McCain stated that undoing the rule, which he called “onerous,” through Senate action would have procedurally restricted the BLM from improving the rule. He added, “I believe that the public interest is best served if the Interior Department issues a new rule to revise and improve the BLM methane rule.”

McCain is only partially right. The BLM overstepped its authority by issuing the rule in the first place. The only federal agency tasked with regulating air quality is the Environmental Protection Agency.

But he’s correct that the rule is onerous. Worse, the environmental impact of the rule is essentially negligible. Methane only accounts for 10 percent of greenhouse gas emissions — and federal lands host only 15 percent of natural gas production. Indeed, the rule would only trim CO2 emissions by less than 1/100th of 1 percent.

What’s more, the industry already has a financial incentive to capture methane emissions — and has been making great strides to reduce them. Between 1990 and 2015, according to the EPA, petroleum-related methane emissions fell more than 28 percent.

But Americans will have to pay a hefty price for this needless rule. One analysis predicts it could cost over $1.2 billion a year. Small businesses will feel the brunt of this financial burden. Small oil and gas producers are expected to dish out upwards of $64,000 each year to comply with the rule. 

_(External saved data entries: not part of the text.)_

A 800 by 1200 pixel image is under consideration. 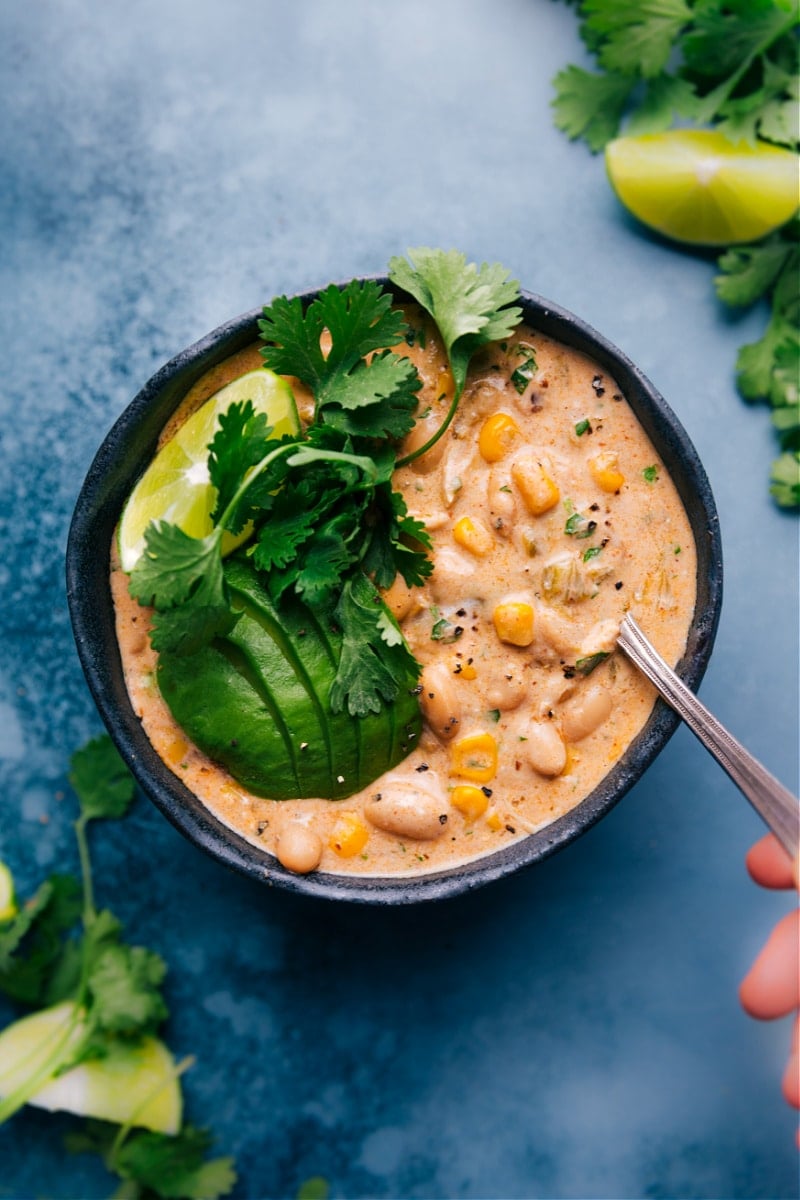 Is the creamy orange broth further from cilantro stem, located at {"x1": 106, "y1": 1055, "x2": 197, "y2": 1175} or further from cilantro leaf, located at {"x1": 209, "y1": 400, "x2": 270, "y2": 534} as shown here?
cilantro stem, located at {"x1": 106, "y1": 1055, "x2": 197, "y2": 1175}

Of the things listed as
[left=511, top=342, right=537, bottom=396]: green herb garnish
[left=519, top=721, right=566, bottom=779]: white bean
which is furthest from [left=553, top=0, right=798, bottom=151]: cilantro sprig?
[left=519, top=721, right=566, bottom=779]: white bean

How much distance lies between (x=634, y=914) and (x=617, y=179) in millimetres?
1793

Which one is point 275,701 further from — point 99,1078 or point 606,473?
point 99,1078

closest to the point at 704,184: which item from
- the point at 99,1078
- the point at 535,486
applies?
the point at 535,486

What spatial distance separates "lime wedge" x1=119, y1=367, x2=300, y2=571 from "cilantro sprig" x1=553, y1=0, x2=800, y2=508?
1160 mm

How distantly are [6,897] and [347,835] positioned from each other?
942mm

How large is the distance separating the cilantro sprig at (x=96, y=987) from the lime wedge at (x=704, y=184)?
1.84 meters

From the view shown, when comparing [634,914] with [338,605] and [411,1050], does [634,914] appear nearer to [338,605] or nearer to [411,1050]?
[411,1050]

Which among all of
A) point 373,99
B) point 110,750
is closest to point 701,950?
point 110,750

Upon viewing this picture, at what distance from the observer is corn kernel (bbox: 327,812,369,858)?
2.26 m

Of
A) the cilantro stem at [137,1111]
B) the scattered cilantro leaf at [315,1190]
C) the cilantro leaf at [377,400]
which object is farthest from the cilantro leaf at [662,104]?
the scattered cilantro leaf at [315,1190]

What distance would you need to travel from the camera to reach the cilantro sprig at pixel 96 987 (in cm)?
260

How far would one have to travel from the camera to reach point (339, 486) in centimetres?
214

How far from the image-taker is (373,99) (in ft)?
9.00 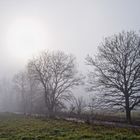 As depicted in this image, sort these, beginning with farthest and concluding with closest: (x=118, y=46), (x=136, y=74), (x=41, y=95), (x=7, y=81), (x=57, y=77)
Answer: (x=7, y=81) < (x=41, y=95) < (x=57, y=77) < (x=118, y=46) < (x=136, y=74)

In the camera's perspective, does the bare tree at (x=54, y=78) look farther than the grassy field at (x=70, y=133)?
Yes

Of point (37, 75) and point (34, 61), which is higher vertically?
point (34, 61)

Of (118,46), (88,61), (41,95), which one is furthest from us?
(41,95)

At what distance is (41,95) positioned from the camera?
64250 millimetres

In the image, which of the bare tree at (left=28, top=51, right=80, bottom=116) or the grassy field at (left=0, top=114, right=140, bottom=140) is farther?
the bare tree at (left=28, top=51, right=80, bottom=116)

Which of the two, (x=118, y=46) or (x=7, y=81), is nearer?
(x=118, y=46)

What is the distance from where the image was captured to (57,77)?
4759 cm

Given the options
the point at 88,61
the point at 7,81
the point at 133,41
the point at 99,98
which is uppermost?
the point at 7,81

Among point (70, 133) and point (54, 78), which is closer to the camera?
point (70, 133)

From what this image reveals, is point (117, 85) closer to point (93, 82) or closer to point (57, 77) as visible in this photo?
point (93, 82)

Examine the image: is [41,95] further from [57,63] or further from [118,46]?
[118,46]

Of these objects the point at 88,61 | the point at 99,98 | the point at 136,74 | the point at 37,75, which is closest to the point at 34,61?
the point at 37,75

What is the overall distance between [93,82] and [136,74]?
5.76 metres

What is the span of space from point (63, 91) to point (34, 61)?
961 cm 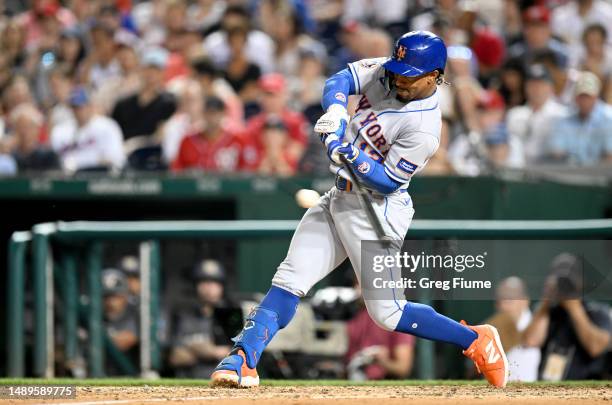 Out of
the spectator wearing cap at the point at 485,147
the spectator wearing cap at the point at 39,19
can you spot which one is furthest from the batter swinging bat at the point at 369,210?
the spectator wearing cap at the point at 39,19

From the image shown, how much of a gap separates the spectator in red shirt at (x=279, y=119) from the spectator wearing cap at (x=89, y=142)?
1141mm

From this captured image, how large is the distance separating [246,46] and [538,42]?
274 cm

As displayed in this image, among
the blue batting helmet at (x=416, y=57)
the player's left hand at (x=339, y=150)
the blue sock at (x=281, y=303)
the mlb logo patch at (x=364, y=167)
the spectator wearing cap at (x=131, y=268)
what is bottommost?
the spectator wearing cap at (x=131, y=268)

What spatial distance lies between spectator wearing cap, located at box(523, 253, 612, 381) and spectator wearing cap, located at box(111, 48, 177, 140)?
4.51 metres

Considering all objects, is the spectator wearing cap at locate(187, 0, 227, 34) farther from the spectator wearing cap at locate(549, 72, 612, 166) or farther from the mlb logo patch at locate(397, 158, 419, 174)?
the mlb logo patch at locate(397, 158, 419, 174)

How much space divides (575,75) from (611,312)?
3.97m

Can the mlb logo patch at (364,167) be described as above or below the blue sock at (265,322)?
above

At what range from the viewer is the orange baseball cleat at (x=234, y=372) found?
221 inches

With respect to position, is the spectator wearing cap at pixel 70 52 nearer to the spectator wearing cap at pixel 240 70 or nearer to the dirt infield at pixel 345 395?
the spectator wearing cap at pixel 240 70

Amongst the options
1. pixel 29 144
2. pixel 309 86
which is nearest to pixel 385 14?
pixel 309 86

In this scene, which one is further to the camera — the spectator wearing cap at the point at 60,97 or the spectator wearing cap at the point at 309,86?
the spectator wearing cap at the point at 60,97

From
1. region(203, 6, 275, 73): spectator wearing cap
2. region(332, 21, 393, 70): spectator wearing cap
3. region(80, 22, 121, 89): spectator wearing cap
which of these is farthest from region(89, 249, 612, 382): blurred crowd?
region(80, 22, 121, 89): spectator wearing cap

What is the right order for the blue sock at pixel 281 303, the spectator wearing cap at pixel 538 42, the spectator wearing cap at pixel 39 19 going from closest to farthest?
the blue sock at pixel 281 303
the spectator wearing cap at pixel 538 42
the spectator wearing cap at pixel 39 19

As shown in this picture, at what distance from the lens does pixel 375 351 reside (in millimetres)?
7883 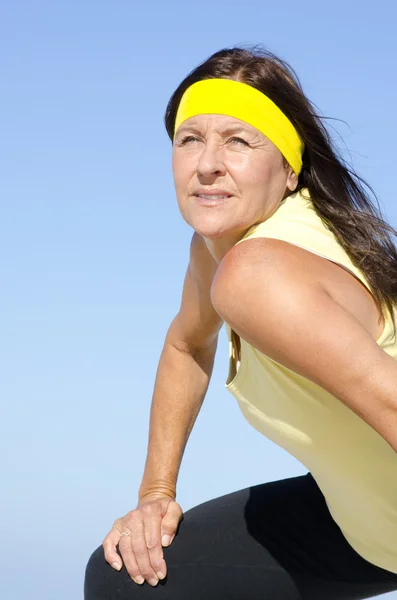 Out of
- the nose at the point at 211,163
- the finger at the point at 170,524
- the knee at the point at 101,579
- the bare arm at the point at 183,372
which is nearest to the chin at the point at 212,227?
the nose at the point at 211,163

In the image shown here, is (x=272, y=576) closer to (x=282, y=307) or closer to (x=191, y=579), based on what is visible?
(x=191, y=579)

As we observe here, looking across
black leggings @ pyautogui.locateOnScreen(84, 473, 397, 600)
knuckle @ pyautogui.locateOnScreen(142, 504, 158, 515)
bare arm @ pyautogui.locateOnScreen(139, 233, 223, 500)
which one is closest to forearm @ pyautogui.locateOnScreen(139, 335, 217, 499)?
bare arm @ pyautogui.locateOnScreen(139, 233, 223, 500)

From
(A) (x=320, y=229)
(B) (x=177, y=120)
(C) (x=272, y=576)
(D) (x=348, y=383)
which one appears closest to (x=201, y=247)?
(B) (x=177, y=120)

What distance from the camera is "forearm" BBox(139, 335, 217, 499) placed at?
113 inches

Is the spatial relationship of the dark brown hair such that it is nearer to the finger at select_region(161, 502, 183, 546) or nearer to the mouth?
the mouth

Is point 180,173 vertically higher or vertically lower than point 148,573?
higher

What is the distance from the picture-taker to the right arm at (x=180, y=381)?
285cm

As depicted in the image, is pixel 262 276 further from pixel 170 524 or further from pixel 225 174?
pixel 170 524

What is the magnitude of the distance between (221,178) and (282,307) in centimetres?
47

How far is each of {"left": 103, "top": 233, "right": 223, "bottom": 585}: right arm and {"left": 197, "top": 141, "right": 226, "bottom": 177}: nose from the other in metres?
0.67

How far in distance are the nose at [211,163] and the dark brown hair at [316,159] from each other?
24 cm

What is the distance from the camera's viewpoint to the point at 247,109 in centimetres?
231

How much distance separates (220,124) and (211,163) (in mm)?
131

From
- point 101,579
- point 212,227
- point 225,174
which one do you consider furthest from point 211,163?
point 101,579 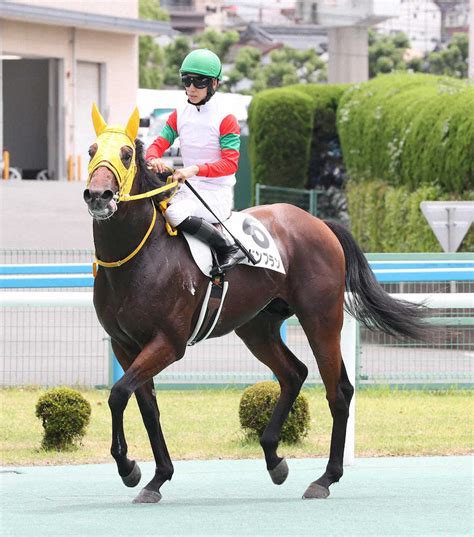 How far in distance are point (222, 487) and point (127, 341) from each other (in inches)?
40.2

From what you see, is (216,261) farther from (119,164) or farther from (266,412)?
(266,412)

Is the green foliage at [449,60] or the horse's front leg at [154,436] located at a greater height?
the green foliage at [449,60]

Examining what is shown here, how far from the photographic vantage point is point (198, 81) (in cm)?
664

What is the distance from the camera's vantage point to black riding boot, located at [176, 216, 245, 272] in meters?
6.52

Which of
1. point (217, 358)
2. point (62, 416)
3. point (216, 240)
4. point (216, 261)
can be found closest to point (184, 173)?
point (216, 240)

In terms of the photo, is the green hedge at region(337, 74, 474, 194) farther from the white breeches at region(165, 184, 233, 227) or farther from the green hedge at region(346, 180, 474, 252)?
the white breeches at region(165, 184, 233, 227)

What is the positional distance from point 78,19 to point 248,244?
2706 cm

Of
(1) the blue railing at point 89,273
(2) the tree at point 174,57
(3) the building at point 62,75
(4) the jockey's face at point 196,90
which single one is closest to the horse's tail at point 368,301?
(4) the jockey's face at point 196,90

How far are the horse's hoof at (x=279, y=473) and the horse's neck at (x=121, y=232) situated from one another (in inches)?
56.4

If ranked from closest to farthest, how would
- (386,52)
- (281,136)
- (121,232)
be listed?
(121,232), (281,136), (386,52)

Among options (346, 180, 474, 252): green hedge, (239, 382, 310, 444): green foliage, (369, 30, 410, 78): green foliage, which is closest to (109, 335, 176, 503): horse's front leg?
(239, 382, 310, 444): green foliage

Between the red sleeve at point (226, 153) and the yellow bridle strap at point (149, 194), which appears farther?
the red sleeve at point (226, 153)

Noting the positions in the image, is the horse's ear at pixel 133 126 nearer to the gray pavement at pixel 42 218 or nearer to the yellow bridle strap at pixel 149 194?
the yellow bridle strap at pixel 149 194

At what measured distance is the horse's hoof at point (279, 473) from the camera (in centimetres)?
683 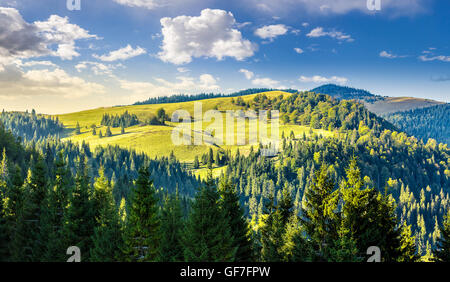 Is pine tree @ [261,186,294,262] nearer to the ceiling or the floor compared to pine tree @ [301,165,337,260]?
nearer to the floor

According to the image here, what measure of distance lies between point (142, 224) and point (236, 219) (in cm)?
974

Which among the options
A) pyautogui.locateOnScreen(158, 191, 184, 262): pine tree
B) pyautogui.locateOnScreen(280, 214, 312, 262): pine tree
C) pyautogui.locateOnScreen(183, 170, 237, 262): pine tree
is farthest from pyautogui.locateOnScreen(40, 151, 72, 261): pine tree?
pyautogui.locateOnScreen(280, 214, 312, 262): pine tree

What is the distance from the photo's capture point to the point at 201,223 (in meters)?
24.6

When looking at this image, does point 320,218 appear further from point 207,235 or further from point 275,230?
point 275,230

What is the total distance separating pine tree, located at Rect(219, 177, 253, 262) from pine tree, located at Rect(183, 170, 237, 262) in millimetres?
3922

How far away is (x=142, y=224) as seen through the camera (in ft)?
87.9

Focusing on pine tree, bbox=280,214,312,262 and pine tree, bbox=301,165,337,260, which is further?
pine tree, bbox=280,214,312,262

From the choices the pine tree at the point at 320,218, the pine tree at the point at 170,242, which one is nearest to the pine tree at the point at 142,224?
the pine tree at the point at 170,242

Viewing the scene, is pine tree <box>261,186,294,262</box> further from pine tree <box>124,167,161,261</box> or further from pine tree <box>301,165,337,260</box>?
pine tree <box>124,167,161,261</box>

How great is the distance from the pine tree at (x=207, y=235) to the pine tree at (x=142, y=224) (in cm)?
391

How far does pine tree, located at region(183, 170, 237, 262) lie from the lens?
23.8m

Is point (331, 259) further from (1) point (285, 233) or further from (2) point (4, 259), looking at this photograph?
(2) point (4, 259)

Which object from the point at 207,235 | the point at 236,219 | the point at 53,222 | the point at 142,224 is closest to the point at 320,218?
the point at 236,219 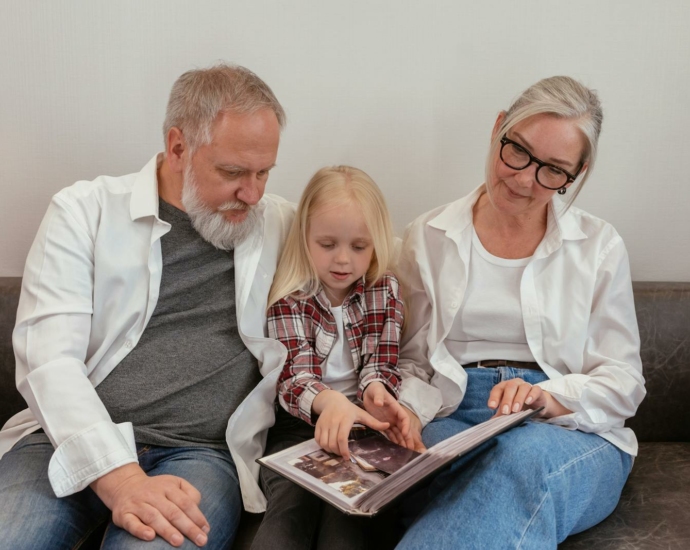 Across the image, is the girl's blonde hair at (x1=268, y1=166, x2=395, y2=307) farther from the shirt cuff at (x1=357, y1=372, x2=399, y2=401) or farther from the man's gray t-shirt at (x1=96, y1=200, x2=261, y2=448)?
the shirt cuff at (x1=357, y1=372, x2=399, y2=401)

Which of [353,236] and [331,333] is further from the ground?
[353,236]

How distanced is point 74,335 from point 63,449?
→ 0.98ft

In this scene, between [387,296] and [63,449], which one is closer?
[63,449]

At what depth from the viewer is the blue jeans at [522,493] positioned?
143 cm

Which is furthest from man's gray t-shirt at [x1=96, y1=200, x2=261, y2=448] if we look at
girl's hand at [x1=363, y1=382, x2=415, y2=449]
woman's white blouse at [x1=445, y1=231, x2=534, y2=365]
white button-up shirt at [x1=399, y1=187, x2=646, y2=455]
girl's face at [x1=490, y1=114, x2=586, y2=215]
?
girl's face at [x1=490, y1=114, x2=586, y2=215]

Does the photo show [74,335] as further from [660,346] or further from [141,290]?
[660,346]

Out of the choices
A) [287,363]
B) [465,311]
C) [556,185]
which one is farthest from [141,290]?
[556,185]

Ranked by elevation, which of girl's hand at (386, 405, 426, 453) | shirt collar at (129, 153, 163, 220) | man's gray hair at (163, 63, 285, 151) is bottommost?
girl's hand at (386, 405, 426, 453)

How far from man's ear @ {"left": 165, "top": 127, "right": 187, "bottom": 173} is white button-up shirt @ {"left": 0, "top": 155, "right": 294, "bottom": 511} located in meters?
0.09

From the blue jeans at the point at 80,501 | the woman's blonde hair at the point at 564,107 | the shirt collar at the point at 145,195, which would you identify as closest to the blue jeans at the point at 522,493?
the blue jeans at the point at 80,501

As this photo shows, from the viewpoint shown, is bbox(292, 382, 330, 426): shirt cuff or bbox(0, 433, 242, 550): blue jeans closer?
bbox(0, 433, 242, 550): blue jeans

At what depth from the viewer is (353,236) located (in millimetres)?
1893

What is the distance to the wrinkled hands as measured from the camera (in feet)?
5.72

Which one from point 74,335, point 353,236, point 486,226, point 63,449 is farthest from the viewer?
point 486,226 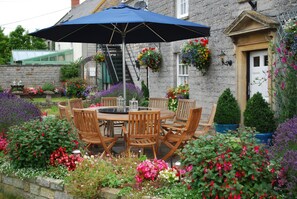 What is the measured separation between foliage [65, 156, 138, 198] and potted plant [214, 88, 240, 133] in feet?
17.1

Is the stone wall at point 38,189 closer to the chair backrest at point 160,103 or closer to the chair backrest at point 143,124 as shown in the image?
the chair backrest at point 143,124

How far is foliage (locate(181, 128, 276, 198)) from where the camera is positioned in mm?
4078

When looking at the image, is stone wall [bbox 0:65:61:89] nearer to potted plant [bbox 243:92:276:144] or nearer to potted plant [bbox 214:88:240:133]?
potted plant [bbox 214:88:240:133]

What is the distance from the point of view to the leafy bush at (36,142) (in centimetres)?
585

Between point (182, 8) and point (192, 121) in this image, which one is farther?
point (182, 8)

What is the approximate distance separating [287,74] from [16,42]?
46292 millimetres

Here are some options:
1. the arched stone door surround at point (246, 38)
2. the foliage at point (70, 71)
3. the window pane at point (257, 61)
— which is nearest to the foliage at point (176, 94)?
the arched stone door surround at point (246, 38)

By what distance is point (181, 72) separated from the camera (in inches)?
584

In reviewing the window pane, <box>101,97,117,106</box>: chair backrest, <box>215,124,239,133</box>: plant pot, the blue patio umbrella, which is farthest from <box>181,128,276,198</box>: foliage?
the window pane

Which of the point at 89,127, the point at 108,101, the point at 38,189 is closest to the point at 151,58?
the point at 108,101

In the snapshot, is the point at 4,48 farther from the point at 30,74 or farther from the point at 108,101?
the point at 108,101

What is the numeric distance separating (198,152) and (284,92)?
15.7 ft

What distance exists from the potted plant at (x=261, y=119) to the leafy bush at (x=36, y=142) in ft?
13.7

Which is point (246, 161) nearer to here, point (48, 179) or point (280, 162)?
point (280, 162) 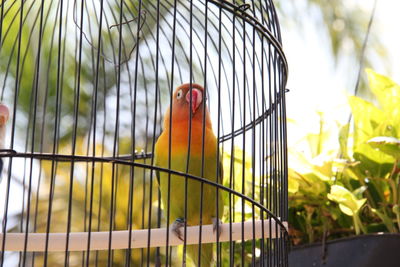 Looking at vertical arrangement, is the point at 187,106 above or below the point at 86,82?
below

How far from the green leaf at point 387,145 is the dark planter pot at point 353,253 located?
21 centimetres

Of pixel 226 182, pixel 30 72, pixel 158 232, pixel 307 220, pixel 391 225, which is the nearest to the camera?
pixel 158 232

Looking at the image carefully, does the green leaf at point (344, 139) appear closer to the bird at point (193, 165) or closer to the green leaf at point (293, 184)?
the green leaf at point (293, 184)

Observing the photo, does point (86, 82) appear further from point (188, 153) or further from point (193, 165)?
point (188, 153)

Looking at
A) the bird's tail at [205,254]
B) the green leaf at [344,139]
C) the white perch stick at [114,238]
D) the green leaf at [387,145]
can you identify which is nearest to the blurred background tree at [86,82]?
the bird's tail at [205,254]

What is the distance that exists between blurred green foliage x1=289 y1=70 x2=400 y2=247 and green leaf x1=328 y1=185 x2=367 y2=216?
0.03 m

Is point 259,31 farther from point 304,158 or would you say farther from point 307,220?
point 307,220

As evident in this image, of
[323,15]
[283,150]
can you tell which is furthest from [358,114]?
[323,15]

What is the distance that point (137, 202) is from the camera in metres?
3.15

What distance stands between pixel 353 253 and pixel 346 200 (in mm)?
131

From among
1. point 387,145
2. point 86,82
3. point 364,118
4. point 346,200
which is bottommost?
point 346,200

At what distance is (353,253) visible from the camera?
1.65 meters

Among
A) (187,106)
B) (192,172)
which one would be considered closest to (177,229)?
(192,172)

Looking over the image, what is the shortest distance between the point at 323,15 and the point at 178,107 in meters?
2.49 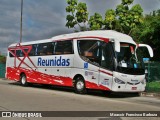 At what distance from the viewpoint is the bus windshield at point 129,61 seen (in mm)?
18406

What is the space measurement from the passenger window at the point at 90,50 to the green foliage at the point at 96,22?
1222 centimetres

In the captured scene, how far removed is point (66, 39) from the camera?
21875 mm

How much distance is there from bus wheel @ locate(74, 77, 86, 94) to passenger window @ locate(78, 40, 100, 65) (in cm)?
128

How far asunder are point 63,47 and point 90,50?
287cm

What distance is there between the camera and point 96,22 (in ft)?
108

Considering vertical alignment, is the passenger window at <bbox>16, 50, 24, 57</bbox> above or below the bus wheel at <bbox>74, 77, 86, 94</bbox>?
above

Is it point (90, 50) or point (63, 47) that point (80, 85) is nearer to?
point (90, 50)

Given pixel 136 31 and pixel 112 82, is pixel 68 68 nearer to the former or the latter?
pixel 112 82

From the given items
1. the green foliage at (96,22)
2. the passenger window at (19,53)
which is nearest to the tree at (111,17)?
the green foliage at (96,22)

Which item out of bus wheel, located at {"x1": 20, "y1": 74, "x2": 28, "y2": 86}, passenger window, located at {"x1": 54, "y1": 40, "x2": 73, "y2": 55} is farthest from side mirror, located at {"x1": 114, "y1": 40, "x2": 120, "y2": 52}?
bus wheel, located at {"x1": 20, "y1": 74, "x2": 28, "y2": 86}

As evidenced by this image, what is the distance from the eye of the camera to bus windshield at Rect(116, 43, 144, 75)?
18.4 m

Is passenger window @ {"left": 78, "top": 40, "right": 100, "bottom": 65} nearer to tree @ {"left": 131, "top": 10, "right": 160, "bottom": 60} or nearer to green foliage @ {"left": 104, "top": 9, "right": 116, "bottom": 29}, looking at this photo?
tree @ {"left": 131, "top": 10, "right": 160, "bottom": 60}

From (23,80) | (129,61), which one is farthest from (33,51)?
(129,61)

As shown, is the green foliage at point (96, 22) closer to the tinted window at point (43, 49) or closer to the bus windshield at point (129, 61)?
the tinted window at point (43, 49)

Some companies — especially those operating a single well — won’t be able to handle such costs and may end up shutting down. In fact, according to consulting firm Environmental Resources Management, the methane rule could wipe out 40 percent of flaring wells on federal lands. When energy firms fold, Americans lose their jobs. Indeed, regulatory constraints oil and natural gas production, like this methane rule, could put 800,000 Americans out of work by 2020.

The rule will also reduce tax revenues. By discouraging natural gas production on federal land, it could pull $114 million out of federal and state coffers.

Western states, which host vast swaths of federal land, are particularly concerned about the rule’s costs.

Utah’s Public Lands Policy Coordinating Office says the rule “gives BLM authority without accountability and lacks proper cooperation with existing state regulatory agencies.”

New Mexico Gov. Susana Martinez maintains that, “Absent a repeal (of the methane rule), funding for New Mexico’s schools, roads and healthcare will be dramatically reduced on account of the reduction in revenue generated by the oil and gas industry.”

Her concern is warranted. New Mexico, which has energy development to thank for 30 percent of its state budget, could see 70 percent of its northwestern wells shut down.

In Rio Blanco, Colorado, where 85 percent of revenue is powered by oil and gas, market constraints on energy production have recently caused a 30 percent revenue dip. The methane rule will only worsen this financial blow.

All told, the methane rule could cost western America $9 million in economic output, royalties and wages.

Luckily, Kate MacGregor, the Interior Department’s Acting Secretary, has stated that the agency is working to “suspend, revise, or rescind” the rule altogether.

It should. Doing away with the methane rule will protect American jobs and energy production. The sooner the Interior Department corrects the Senate’s mistake, the better.